• YOUR ASSIGNMENT:
Your task is to repeat the listing exactly.
--- DATA FOR THIS EXERCISE Enclosed Below ---
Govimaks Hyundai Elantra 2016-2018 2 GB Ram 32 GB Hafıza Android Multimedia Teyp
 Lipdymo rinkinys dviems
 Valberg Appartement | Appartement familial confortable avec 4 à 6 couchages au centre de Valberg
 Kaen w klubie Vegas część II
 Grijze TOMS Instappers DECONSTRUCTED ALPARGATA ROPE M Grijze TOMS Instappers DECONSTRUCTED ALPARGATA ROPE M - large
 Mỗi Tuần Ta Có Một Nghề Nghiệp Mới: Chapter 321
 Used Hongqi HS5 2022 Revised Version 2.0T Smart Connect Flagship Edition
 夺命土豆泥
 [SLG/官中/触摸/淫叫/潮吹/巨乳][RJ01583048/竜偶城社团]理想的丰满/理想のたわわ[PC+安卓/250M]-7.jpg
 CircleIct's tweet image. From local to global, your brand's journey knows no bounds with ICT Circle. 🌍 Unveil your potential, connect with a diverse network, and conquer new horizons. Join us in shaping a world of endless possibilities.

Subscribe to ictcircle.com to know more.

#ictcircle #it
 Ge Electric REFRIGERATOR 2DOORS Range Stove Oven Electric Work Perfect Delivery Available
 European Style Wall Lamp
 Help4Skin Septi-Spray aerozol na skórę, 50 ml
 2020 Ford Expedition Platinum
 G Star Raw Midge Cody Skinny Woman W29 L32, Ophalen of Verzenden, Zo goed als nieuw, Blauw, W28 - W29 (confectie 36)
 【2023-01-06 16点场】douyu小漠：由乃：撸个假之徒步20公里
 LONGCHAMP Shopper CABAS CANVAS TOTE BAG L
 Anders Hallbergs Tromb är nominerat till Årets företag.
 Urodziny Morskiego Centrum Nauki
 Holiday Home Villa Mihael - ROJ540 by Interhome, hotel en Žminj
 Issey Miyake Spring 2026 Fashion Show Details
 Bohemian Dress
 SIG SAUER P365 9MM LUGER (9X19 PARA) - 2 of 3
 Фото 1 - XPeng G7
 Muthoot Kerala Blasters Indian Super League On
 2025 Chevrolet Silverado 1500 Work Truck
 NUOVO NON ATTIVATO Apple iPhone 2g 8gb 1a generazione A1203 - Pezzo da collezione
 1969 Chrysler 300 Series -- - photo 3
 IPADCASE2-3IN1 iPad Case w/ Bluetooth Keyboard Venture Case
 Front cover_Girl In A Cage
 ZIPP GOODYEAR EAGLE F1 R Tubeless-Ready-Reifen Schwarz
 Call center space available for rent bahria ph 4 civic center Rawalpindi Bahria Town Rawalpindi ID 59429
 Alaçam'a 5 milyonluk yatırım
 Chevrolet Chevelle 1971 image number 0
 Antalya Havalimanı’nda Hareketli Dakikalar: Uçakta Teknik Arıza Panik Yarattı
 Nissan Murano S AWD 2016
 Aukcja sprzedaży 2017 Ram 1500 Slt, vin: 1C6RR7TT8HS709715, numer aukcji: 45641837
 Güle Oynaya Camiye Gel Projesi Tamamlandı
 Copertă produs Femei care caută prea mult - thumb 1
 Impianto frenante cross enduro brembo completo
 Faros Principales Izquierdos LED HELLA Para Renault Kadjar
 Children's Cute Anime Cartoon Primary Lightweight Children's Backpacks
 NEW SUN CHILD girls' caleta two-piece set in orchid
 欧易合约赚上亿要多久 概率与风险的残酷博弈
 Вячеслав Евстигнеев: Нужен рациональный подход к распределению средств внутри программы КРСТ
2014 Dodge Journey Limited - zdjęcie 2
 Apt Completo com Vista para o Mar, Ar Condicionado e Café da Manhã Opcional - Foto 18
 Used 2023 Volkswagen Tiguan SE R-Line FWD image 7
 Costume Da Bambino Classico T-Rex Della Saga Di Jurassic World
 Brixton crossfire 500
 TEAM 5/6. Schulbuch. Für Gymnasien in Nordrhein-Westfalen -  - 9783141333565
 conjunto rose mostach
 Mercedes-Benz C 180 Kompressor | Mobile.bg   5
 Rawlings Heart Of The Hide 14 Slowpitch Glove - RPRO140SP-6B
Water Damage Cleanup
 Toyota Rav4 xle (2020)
--- End of Enclosed DATA FOR THIS EXERCISE ---
• TASK RESULT:
Govimaks Hyundai Elantra 2016-2018 2 GB Ram 32 GB Hafıza Android Multimedia Teyp
 Lipdymo rinkinys dviems
 Valberg Appartement | Appartement familial confortable avec 4 à 6 couchages au centre de Valberg
 Kaen w klubie Vegas część II
 Grijze TOMS Instappers DECONSTRUCTED ALPARGATA ROPE M Grijze TOMS Instappers DECONSTRUCTED ALPARGATA ROPE M - large
 Mỗi Tuần Ta Có Một Nghề Nghiệp Mới: Chapter 321
 Used Hongqi HS5 2022 Revised Version 2.0T Smart Connect Flagship Edition
 夺命土豆泥
 [SLG/官中/触摸/淫叫/潮吹/巨乳][RJ01583048/竜偶城社团]理想的丰满/理想のたわわ[PC+安卓/250M]-7.jpg
 CircleIct's tweet image. From local to global, your brand's journey knows no bounds with ICT Circle. 🌍 Unveil your potential, connect with a diverse network, and conquer new horizons. Join us in shaping a world of endless possibilities.

Subscribe to ictcircle.com to know more.

#ictcircle #it
 Ge Electric REFRIGERATOR 2DOORS Range Stove Oven Electric Work Perfect Delivery Available
 European Style Wall Lamp
 Help4Skin Septi-Spray aerozol na skórę, 50 ml
 2020 Ford Expedition Platinum
 G Star Raw Midge Cody Skinny Woman W29 L32, Ophalen of Verzenden, Zo goed als nieuw, Blauw, W28 - W29 (confectie 36)
 【2023-01-06 16点场】douyu小漠：由乃：撸个假之徒步20公里
 LONGCHAMP Shopper CABAS CANVAS TOTE BAG L
 Anders Hallbergs Tromb är nominerat till Årets företag.
 Urodziny Morskiego Centrum Nauki
 Holiday Home Villa Mihael - ROJ540 by Interhome, hotel en Žminj
 Issey Miyake Spring 2026 Fashion Show Details
 Bohemian Dress
 SIG SAUER P365 9MM LUGER (9X19 PARA) - 2 of 3
 Фото 1 - XPeng G7
 Muthoot Kerala Blasters Indian Super League On
 2025 Chevrolet Silverado 1500 Work Truck
 NUOVO NON ATTIVATO Apple iPhone 2g 8gb 1a generazione A1203 - Pezzo da collezione
 1969 Chrysler 300 Series -- - photo 3
 IPADCASE2-3IN1 iPad Case w/ Bluetooth Keyboard Venture Case
 Front cover_Girl In A Cage
 ZIPP GOODYEAR EAGLE F1 R Tubeless-Ready-Reifen Schwarz
 Call center space available for rent bahria ph 4 civic center Rawalpindi Bahria Town Rawalpindi ID 59429
 Alaçam'a 5 milyonluk yatırım
 Chevrolet Chevelle 1971 image number 0
 Antalya Havalimanı’nda Hareketli Dakikalar: Uçakta Teknik Arıza Panik Yarattı
 Nissan Murano S AWD 2016
 Aukcja sprzedaży 2017 Ram 1500 Slt, vin: 1C6RR7TT8HS709715, numer aukcji: 45641837
 Güle Oynaya Camiye Gel Projesi Tamamlandı
 Copertă produs Femei care caută prea mult - thumb 1
 Impianto frenante cross enduro brembo completo
 Faros Principales Izquierdos LED HELLA Para Renault Kadjar
 Children's Cute Anime Cartoon Primary Lightweight Children's Backpacks
 NEW SUN CHILD girls' caleta two-piece set in orchid
 欧易合约赚上亿要多久 概率与风险的残酷博弈
 Вячеслав Евстигнеев: Нужен рациональный подход к распределению средств внутри программы КРСТ
2014 Dodge Journey Limited - zdjęcie 2
 Apt Completo com Vista para o Mar, Ar Condicionado e Café da Manhã Opcional - Foto 18
 Used 2023 Volkswagen Tiguan SE R-Line FWD image 7
 Costume Da Bambino Classico T-Rex Della Saga Di Jurassic World
 Brixton crossfire 500
 TEAM 5/6. Schulbuch. Für Gymnasien in Nordrhein-Westfalen -  - 9783141333565
 conjunto rose mostach
 Mercedes-Benz C 180 Kompressor | Mobile.bg   5
 Rawlings Heart Of The Hide 14 Slowpitch Glove - RPRO140SP-6B
Water Damage Cleanup
 Toyota Rav4 xle (2020)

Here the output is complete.